2.5  Young people's sexual health services

  There have been welcome increases in the number of services for young people as a result of the Teenage Pregnancy Strategy with around 85% of local authorities having at least one service for young people. However, not all of these provide a full range of services, often resulting in young women having to be referred back into mainstream services if they require a termination referral for instance. It is to be hoped, therefore, that the prospectus for extended schools, which is expected shortly, will encourage the provision of comprehensive sexual health services for young people.
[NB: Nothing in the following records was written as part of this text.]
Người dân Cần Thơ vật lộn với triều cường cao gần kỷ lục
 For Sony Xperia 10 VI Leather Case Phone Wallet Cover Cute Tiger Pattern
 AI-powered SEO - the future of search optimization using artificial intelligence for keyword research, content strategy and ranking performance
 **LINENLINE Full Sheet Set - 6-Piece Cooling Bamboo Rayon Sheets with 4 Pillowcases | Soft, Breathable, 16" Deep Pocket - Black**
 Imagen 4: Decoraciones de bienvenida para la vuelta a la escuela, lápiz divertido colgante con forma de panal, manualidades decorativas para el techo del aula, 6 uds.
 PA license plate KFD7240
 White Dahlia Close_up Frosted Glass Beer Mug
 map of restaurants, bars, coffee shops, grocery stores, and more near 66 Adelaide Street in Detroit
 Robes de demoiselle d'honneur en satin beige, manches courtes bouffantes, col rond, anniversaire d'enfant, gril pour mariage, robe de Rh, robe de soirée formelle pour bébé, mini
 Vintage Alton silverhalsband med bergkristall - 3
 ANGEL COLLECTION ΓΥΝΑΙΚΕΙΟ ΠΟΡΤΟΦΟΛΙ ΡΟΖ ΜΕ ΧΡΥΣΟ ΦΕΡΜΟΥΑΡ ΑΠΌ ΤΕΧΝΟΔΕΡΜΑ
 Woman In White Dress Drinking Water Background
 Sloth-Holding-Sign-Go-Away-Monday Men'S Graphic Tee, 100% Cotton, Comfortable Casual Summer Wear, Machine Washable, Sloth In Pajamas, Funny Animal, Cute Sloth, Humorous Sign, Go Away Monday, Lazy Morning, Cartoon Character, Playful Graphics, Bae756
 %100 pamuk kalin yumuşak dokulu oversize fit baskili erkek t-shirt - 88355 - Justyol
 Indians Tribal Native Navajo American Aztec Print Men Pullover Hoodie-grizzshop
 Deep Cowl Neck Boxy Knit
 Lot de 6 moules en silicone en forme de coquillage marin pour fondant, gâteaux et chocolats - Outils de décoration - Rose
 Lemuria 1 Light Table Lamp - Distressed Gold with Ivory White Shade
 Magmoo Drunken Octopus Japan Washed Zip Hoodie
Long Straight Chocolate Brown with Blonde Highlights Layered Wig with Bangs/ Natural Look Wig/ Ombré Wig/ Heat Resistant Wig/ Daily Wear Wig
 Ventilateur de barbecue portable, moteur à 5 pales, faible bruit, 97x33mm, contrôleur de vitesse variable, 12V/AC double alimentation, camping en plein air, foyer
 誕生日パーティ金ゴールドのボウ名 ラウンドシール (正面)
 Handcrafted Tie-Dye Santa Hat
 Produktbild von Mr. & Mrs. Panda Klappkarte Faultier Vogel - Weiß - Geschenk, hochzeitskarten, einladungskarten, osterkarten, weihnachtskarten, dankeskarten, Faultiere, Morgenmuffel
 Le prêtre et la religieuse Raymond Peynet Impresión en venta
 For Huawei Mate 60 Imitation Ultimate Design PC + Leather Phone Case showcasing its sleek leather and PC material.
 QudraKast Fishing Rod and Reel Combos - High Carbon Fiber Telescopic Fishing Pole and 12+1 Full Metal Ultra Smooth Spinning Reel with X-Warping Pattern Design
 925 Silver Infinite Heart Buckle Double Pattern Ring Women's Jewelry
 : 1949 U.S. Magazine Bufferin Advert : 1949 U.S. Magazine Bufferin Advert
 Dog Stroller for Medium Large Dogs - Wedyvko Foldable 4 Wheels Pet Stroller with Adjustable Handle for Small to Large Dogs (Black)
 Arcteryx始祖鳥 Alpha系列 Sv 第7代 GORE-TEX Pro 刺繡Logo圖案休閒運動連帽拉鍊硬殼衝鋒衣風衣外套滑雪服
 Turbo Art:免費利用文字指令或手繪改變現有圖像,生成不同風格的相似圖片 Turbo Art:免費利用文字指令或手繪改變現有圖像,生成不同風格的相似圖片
  Brook is concerned that the information sharing proposals in the Children Act, could compromise young people's right to confidentiality and put them off using services at a time when they are most vulnerable. Research has consistently demonstrated that confidentiality is of paramount importance for young people using contraceptive and sexual health services as has been acknowledged by government guidance. Any measures to record young people's use of sexual health provision would undermine their belief in the confidentiality of services. This could act as major deterrent to their seeking help at a time when England and Wales continue to have the highest rate of teenage pregnancy in Western Europe and rates of sexually transmitted infection amongst young people are increasing.